Be ye therefore wise as serpents, &c.] Let meekness be mixed with wariness, saith Nazianzen, that it may be the "meekness of wisdom," James 3:13. c We must be neither foxes, nor yet asses. Meekness many times brings on injuries: a crow will stand upon a sheep's back, pulling off wool from her side. Now, therefore, as we must labour for dove-like simplicity, and be no horned beasts to pelt or gore others (as the word ακεραιος here signifies), so for serpentine subtlety too, that we cast not ourselves upon needless dangers. The Roman rule was, nec fugere, nec sequi, neither flee nor follow, Christianity calleth us not to a weak simplicity; but allows us as much of the serpent as of the dove.
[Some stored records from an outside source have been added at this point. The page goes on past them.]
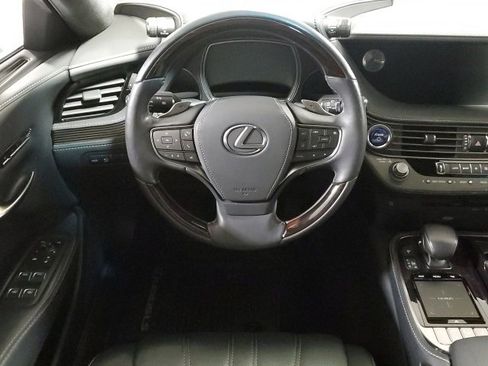 Used 2019 Lexus LS 500h AWD image 14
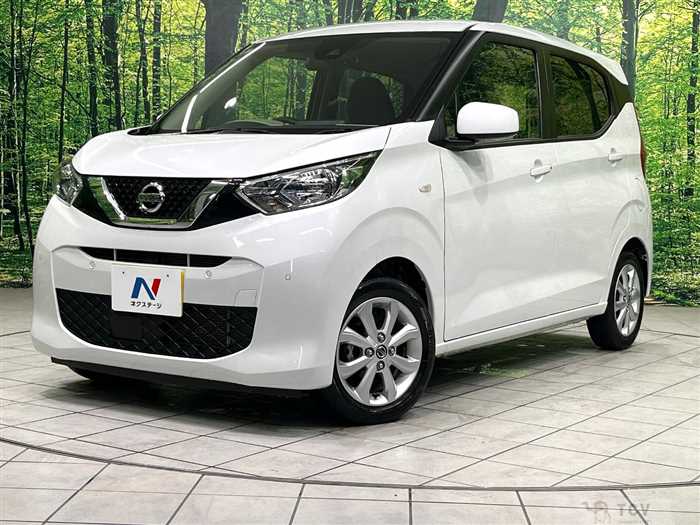 2022 Nissan DAYZ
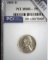 1952 D Jefferson Nickel slabbed PCI MS66 + FS.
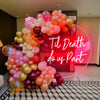 Til death do us part for Bridal shower
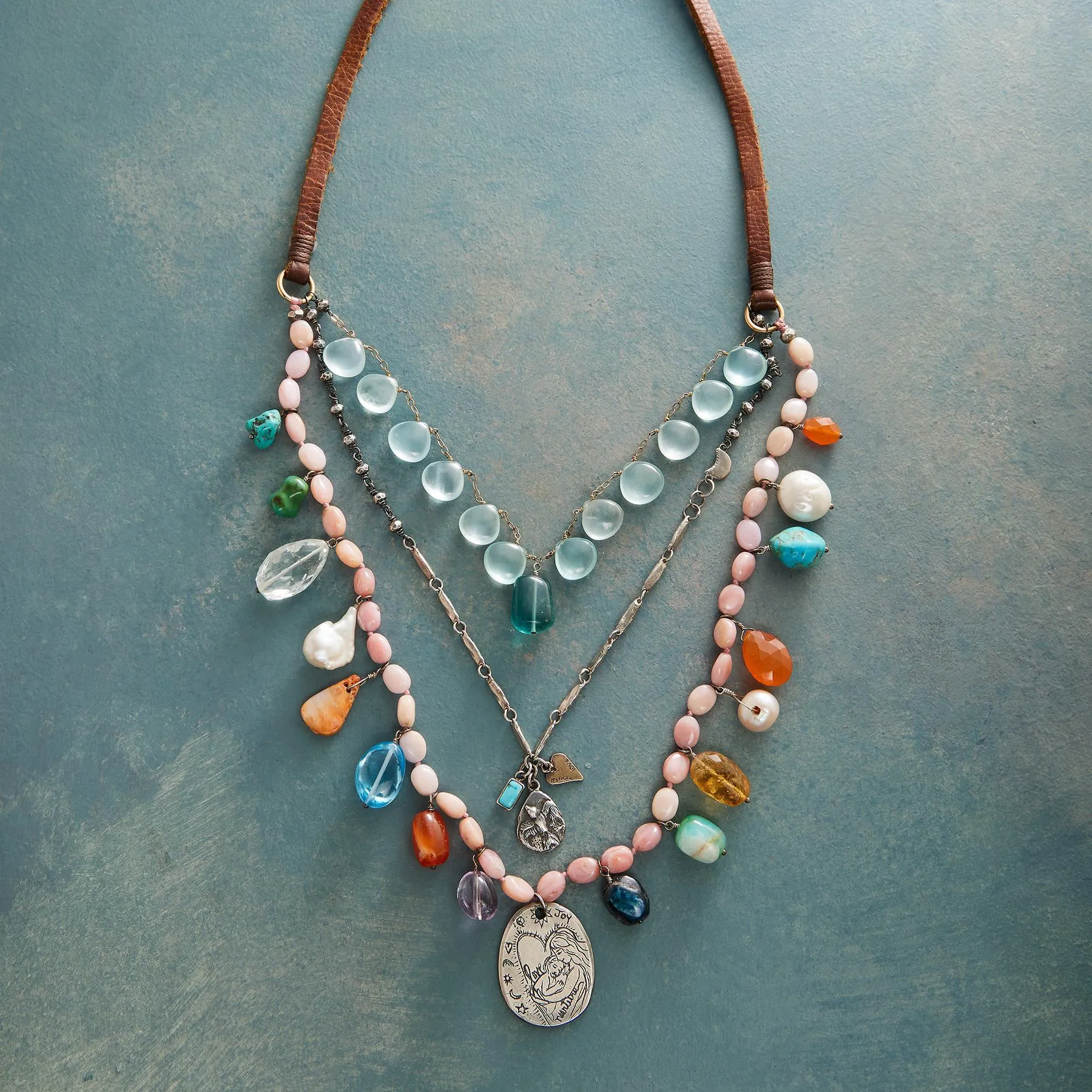 Motherly Love Necklace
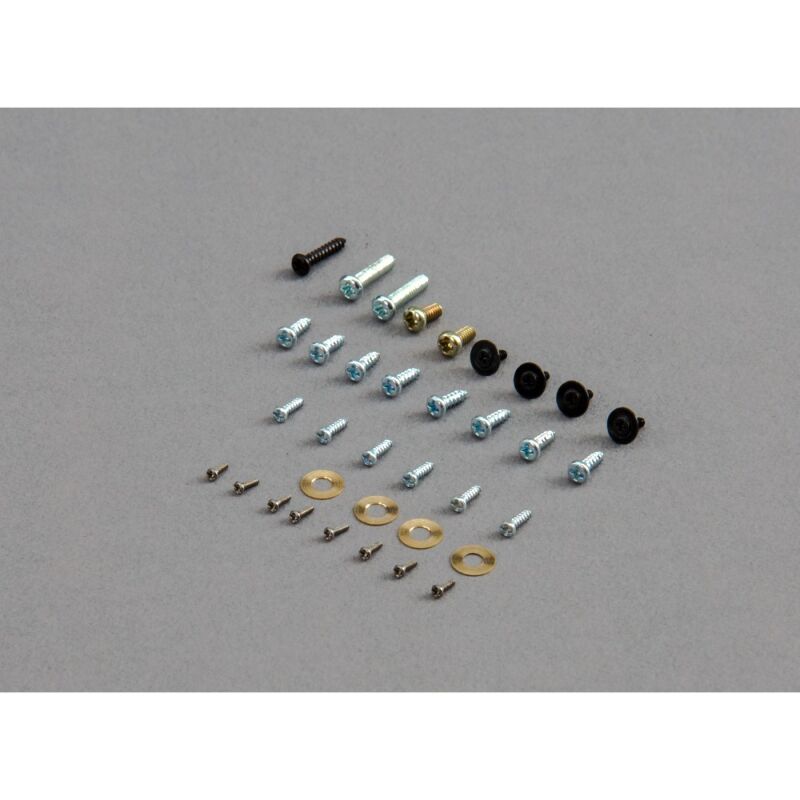 E-Flite - Blade Schraubenset: 120 S (BLH4109)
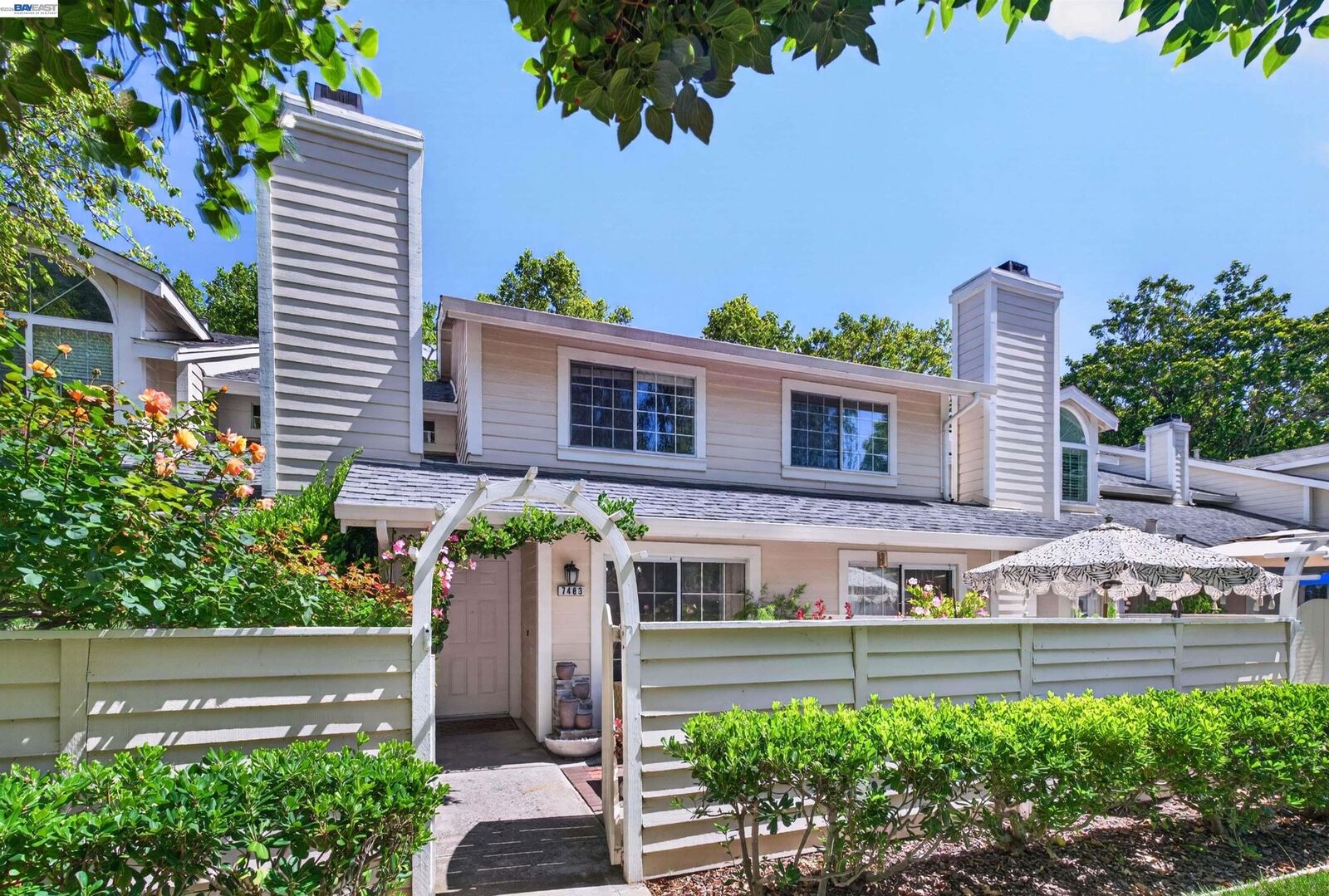 Property Photo: 7483 Stonedale Dr CA 94588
The dove without the serpent is easily caught; the serpent without the dove stings deadly. Religion without policy is too simple to be safe; policy without religion is too subtle to be good. Their match makes themselves secure, and many happy. A serpent's eye is a singular ornament in a dove's head. For,

" Sit licet in partes circumspectissimus omnes,

Nemo tamen vulpes, nemo cavere potest. "

Harmless as doves] That neither provoke the hawk nor project revenge, but when pursued they save themselves, if they can, by flight, not by fight.

" Felle columba caret, rostro non caedit, et ungues

Possidet innocuos, puraque grana legit. "

Sometimes they sit in their dove cotes, and see their nests destroyed, their young ones taken away and killed before their eyes; neither ever do they offer to rescue or revenge, which all other fowls do seem in some sort to do.

a In dolum olei immissum ferunt ludibrii causa, quia Christiani a Christo, et Christus απο του χριεσθαι .

b In less than four years they sacrificed the lives of 800 innocents here, to their idols in Queen Mary's days.

c χρηστοτης συνεσει κεκραμμενη. Nazianzen.